Save this file to ~/.gnupg/email-password.gpg
Encrypt your email-password.gpg file
$ gpg2 --encrypt /home/cafebedouin/.gnupg/email-password.gpg
Add a .mailcap configuration file for HTML email in Mutt
Put the following in your ~/.mailcap file or create one if it doesn’t exist. Install lynx or another text browser of your choice. If different, change lynx to the alternative in the text below.
text/html; /usr/bin/firefox %s >/dev/null 2>&1; needsterminal
text/html; lynx -dump %s; nametemplate=%s.html; copiousoutput
Create a ~/.muttrc configuration file
# gpg.rc is unnecessary on some systems.
# On OpenBSD, you're probably going to need it.

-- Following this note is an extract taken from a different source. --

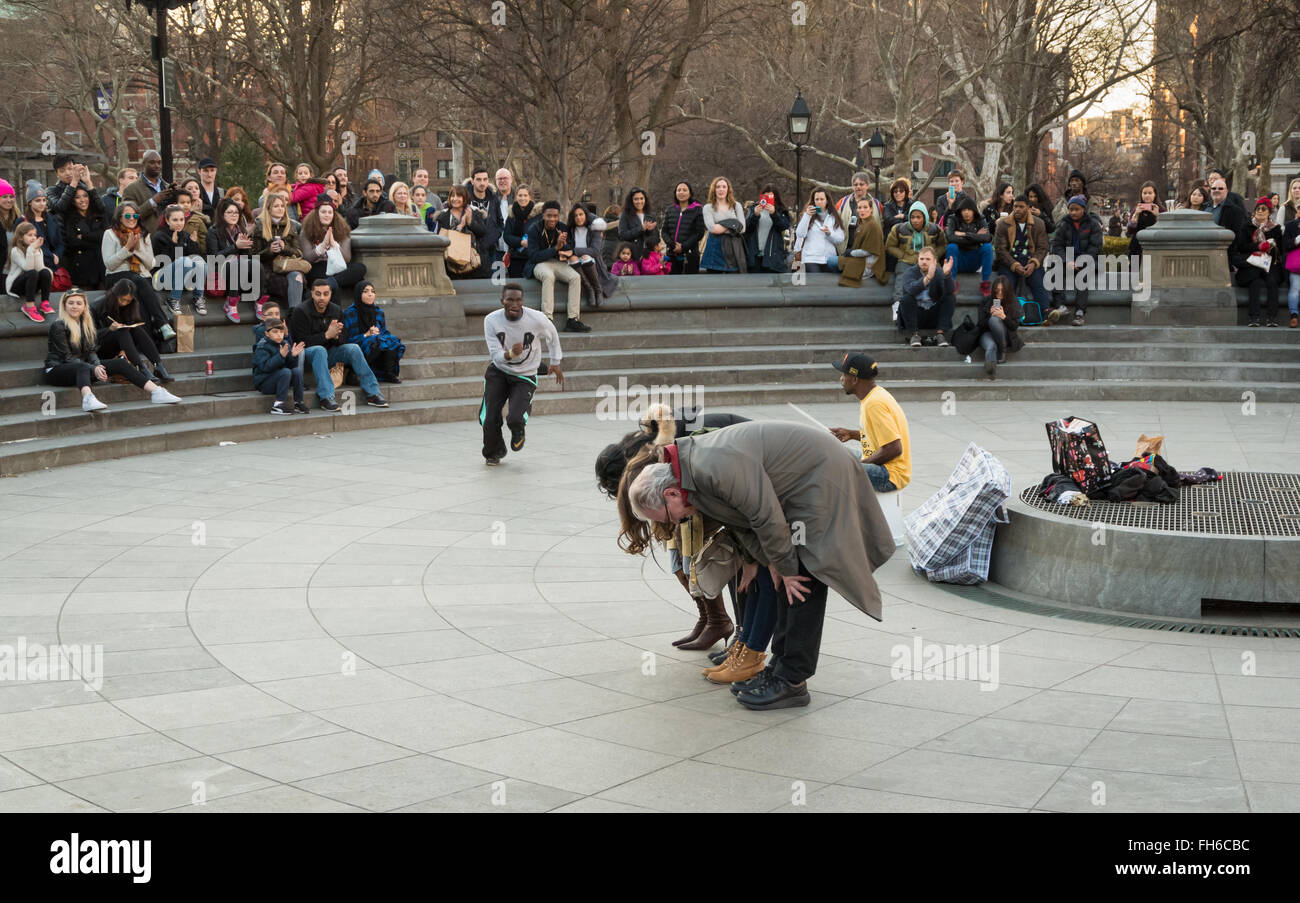 Street performance in Washington Square Park di acrobat somersaulting su volontari con la folla di spettatori Foto Stock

# OpenBSD: /usr/local/share/examples/mutt/gpg.rc
# source ~/.mutt/gpg.rc
set pgp_use_gpg_agent = yes
set pgp_sign_as = 0O0ABCDZ # replace with your key
set pgp_timeout = 7200
set crypt_autosign = no
set crypt_replyencrypt = no
# password: tell mutt where to find your encrypted
# password, depending on what you installed, you
# may need to change initial command to gpg
source "gpg2 -dq ~/.mutt/email-password.gpg |"
# mailbox configuration
set imap_user = email@example.com
# Only need the example.net if your root email address is different from server, otherwise just use your login
set folder = imaps://firstname.lastname@example.org@example.com:993
set spoolfile = imaps://email@example.com@example.com/INBOX
set smtp_url = smtp://firstname.lastname@example.org@example.com:587
set postponed = +Drafts
set record = +Sent
set trash = +Trash
mailboxes = +INBOX
set hostname = example.net
set from = email@example.com
# mutt configuration
set ssl_starttls = yes
set use_from = yes
set postpone = ask-yes
set delete = ask-yes
set editor = "emacs -nw" # or vi
set pager = lynx
set charset = "utf-8"
set visual = "emacs"
set signature = ~/.mutt/sig.txt
set alias_file = ~/.mutt/aliases
set mailcap_path = ~/.mailcap
auto_view text/html # auto render html to text
alternative_order text/plain text/enriched text/html # read html last
# Reduce polling frequency to a sane level
# keep a cache of headers for faster loading (1.5.9+?)
# Display download progress every 10K
The line to decrypt your password activates the gpg-connect-agent daemon and will not ask for you to enter it again for the duration of pgp_timeout specified in the file.
This should get you to a working set-up to read and write email. If you are having trouble logging in, double check your encrypted password file, particularly if your password requires escaping special characters.